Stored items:
────

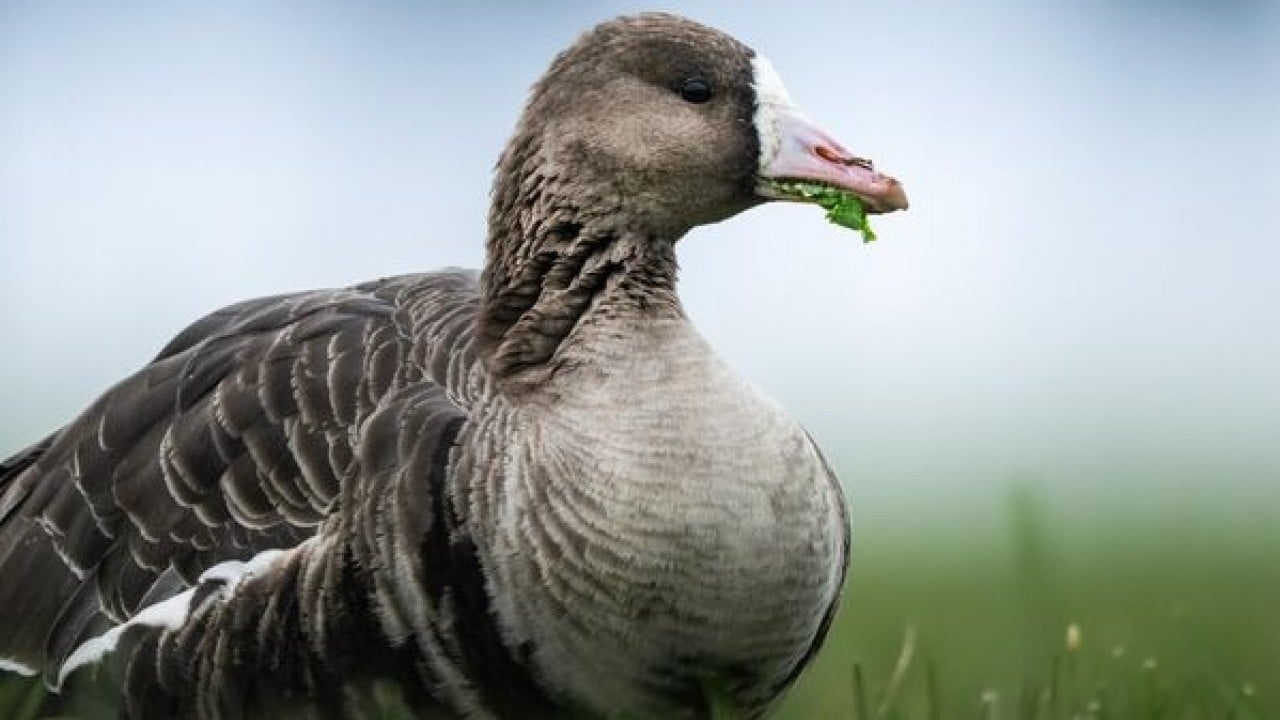 Foto - Göç yolunda şaşırtan durak: Sakarca kazlarından İstanbul molası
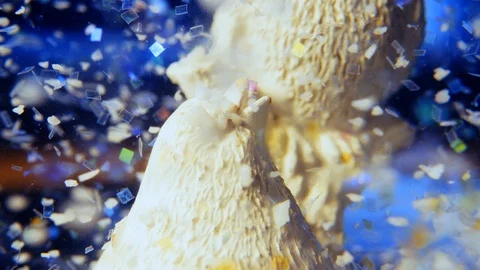 Super Wide Macro Shot Of Snow Globe with Bird in it Stock-Footage 126865336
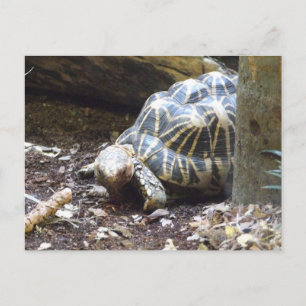 Star Tortoise Postcard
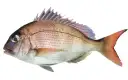 Pargo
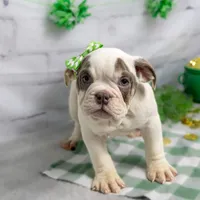 MOLLY, a female English Bulldog and Olde English Bulldogge for sale in Jones, MI – Photo 6 of 10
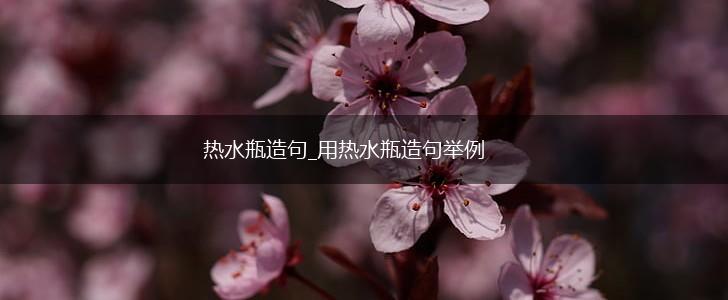 热水瓶造句_用热水瓶造句举例,第1张 热水瓶造句_用热水瓶造句举例,第1张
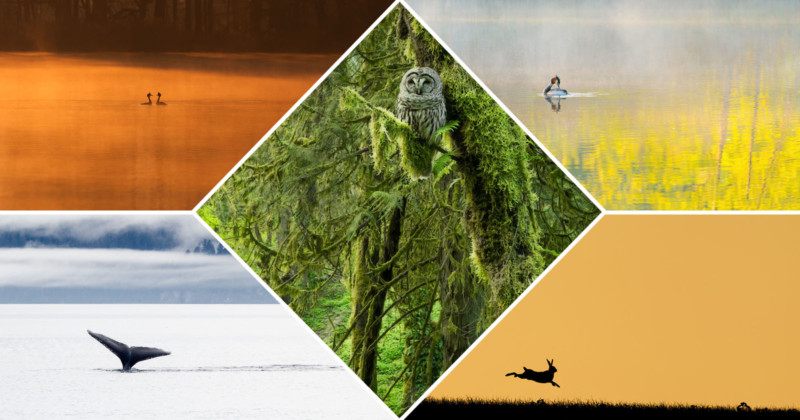 wildart-photography-award-competition-petapixel-space-800x420.jpg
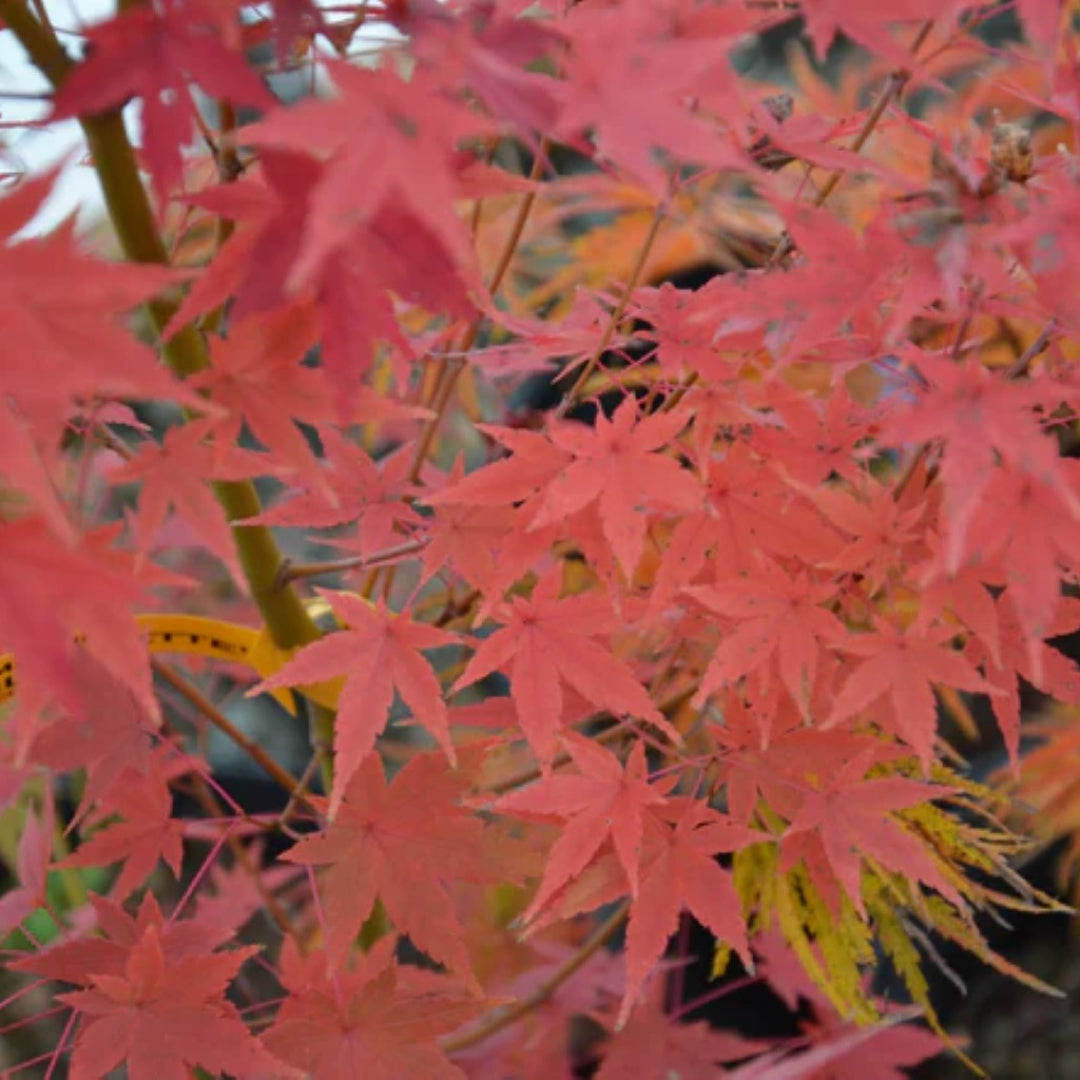 Acer palmatum &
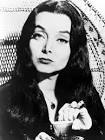 The Addams Family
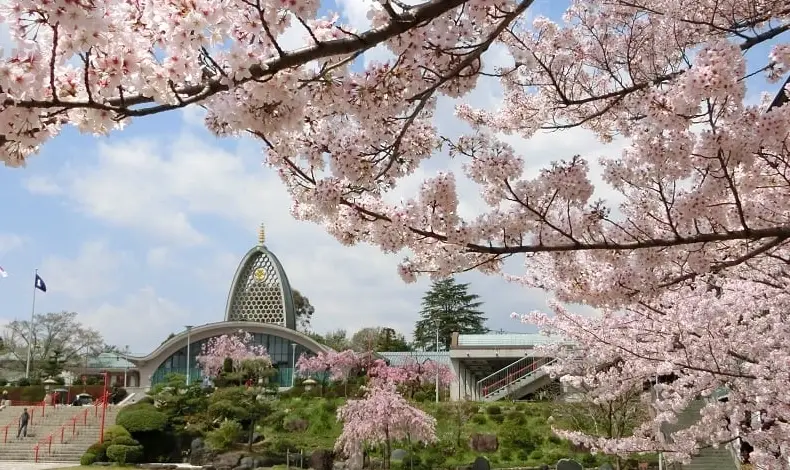 大阪賞櫻地點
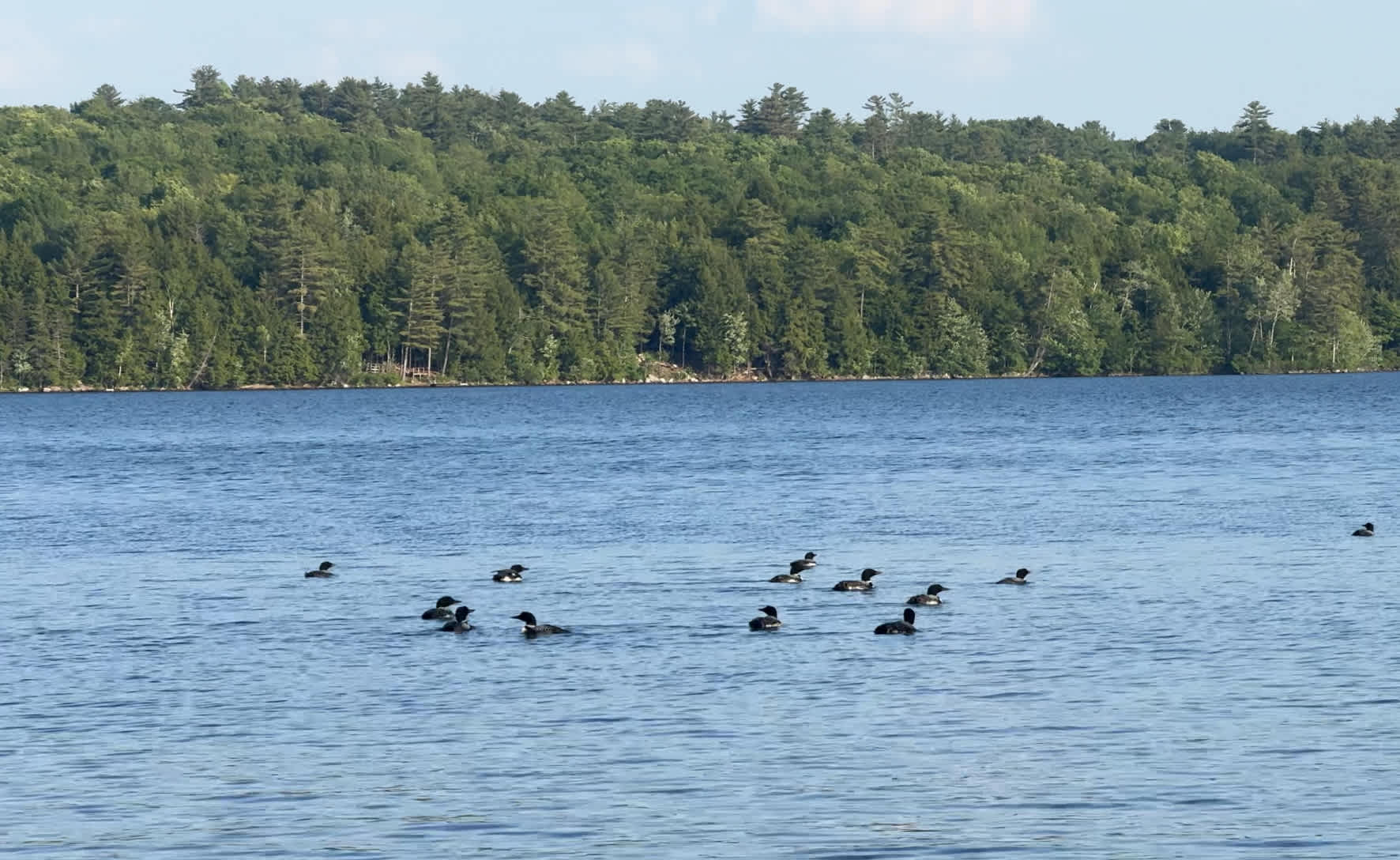 Occasionally the loons outnumber the humans on the lake.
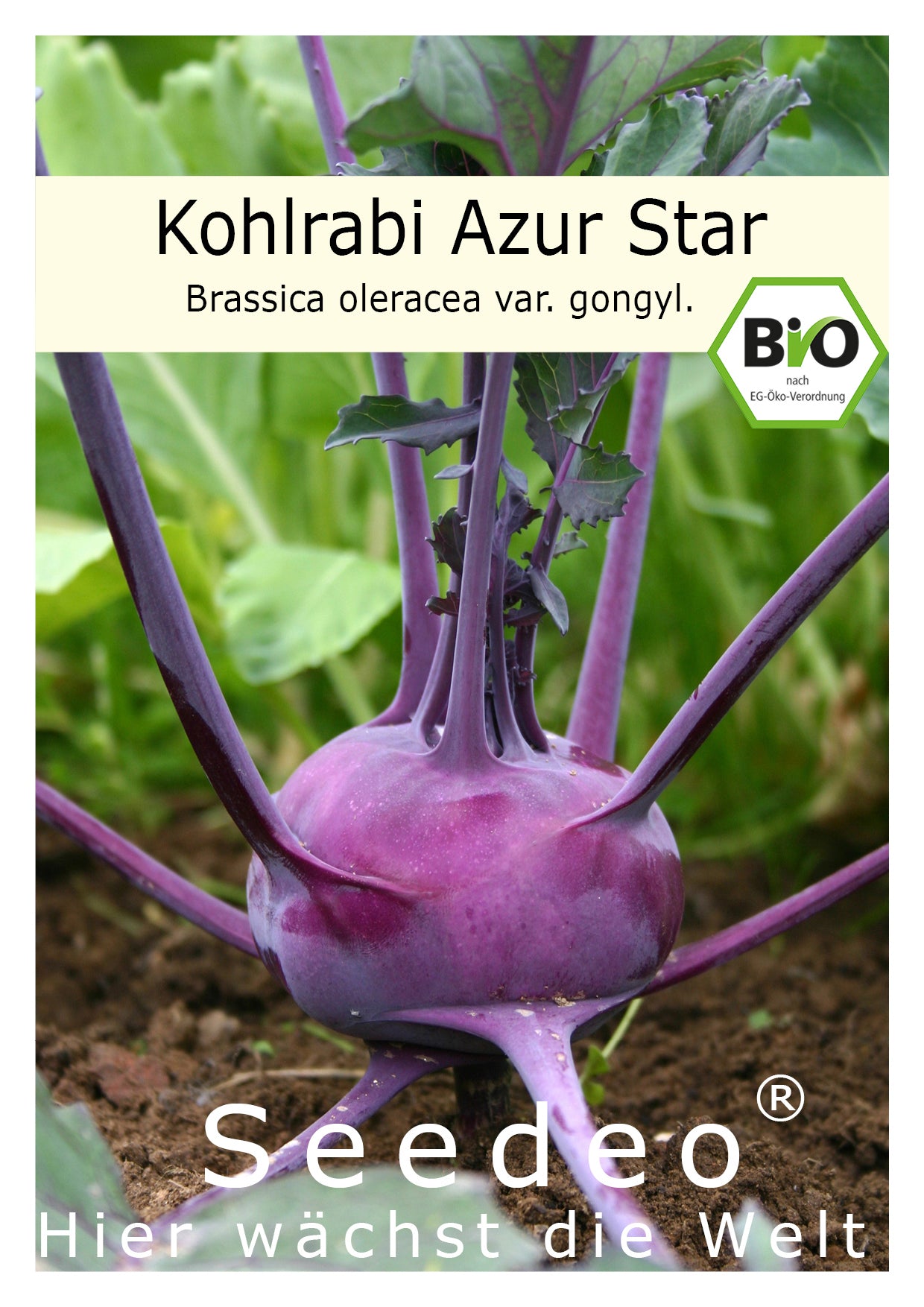 Seedeo® Kohlrabi Azur Star (Brassica oleracea var. gongyl. L.) ca. 100 Samen BIO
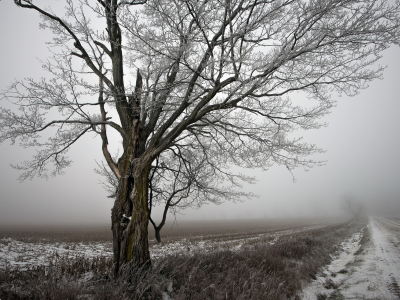 Дорога, пейзаж, зима, дерево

────

Your goal: The response should consist of the lines above from the first through the one containing "MOLLY, a female", transcribed exactly, with every picture left out.

Exercise response:
 Foto - Göç yolunda şaşırtan durak: Sakarca kazlarından İstanbul molası
 Super Wide Macro Shot Of Snow Globe with Bird in it Stock-Footage 126865336
 Star Tortoise Postcard
 Pargo
 MOLLY, a female English Bulldog and Olde English Bulldogge for sale in Jones, MI – Photo 6 of 10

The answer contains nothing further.